Sur la page Facebook de Jcall (European Jewish Call for Reason, groupe de pression juif européen pacifiste), les commentaires vont bon train, et l'on sent, malgré la lettre ouverte adressée dimanche à Benyamin Netanyahu de dizaines d'intellectuels et d'artistes appelant à un cessez-le-feu pour parvenir à un accord de paix, que la situation actuelle de Gaza fait douter les membres les plus engagés dans un processus pacifique. La propagande tant du côté de "Tsahal" (l'armée israélienne qui diffuse par exemple des messages vidéos rassurants d'une guerre éthique) que du Hamas, n'aide en rien à créer un consensus pacifiste…au sein même du mouvement pacifiste.

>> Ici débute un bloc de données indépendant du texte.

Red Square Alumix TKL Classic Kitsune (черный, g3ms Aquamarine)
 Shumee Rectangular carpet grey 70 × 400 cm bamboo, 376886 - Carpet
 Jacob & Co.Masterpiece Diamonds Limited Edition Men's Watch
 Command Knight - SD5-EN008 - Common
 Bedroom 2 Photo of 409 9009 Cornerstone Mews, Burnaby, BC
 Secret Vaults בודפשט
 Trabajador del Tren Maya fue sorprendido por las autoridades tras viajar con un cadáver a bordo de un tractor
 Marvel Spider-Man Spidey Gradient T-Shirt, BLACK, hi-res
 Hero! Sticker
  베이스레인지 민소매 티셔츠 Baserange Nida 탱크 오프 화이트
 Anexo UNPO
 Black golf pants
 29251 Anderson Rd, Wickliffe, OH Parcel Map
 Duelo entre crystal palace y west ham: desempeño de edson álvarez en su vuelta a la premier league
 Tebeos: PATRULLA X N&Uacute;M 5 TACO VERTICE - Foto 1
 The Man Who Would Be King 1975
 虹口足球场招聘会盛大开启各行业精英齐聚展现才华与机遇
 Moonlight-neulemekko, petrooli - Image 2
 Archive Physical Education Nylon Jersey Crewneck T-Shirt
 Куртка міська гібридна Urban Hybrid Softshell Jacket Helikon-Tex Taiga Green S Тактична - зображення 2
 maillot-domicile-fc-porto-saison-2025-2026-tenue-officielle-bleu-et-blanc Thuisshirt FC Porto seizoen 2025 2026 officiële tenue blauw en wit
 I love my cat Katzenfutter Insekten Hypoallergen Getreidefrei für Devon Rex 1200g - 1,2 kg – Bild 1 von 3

Les images atroces d'enfants gazaouis victimes des bombardements israéliens alors qu'ils sont en réalité syriens ne peuvent que semer le doute dans les esprits, empêcher d'imaginer un accord avec le Hamas, organisation réputée pour l'instrumentalisation de la population de la bande de Gaza. Pour Michel Warchawski, journaliste et militant pacifiste israélien, la cause pacifiste est de toute manière réduite à sa plus simple expression depuis plus de 10 ans : "Le mouvement pacifiste large qui pouvait créer des manifestations de centaines de milliers de personnes est terminé depuis août 2000. Le discours mystificateur d'Ehud Barak (alors premier ministre travailliste d'Israël), juste avant la deuxième intifada, a tué le mouvement pacifiste qui a dit, "on s'est trompés, la droite a eu raison". Pour le militant, si il a y encore une gauche pacifiste en Israël, "elle est très réduite, et les manifestants indignés contre la politique de Netanyahu ont toujours bien souligné qu'ils étaient un mouvement social et pas politique". 84% de la population d'Israël soutient l'opération militaire "Pilier de défense", et il faudrait, dit Michel Warchawski, "que le prix à payer pour Israël, c'est triste à dire, soit plus fort. Là, il y aurait peut-être une réaction de la gauche pacifiste. Mais je n'y crois pas, et elle serait de toute manière de faible ampleur…".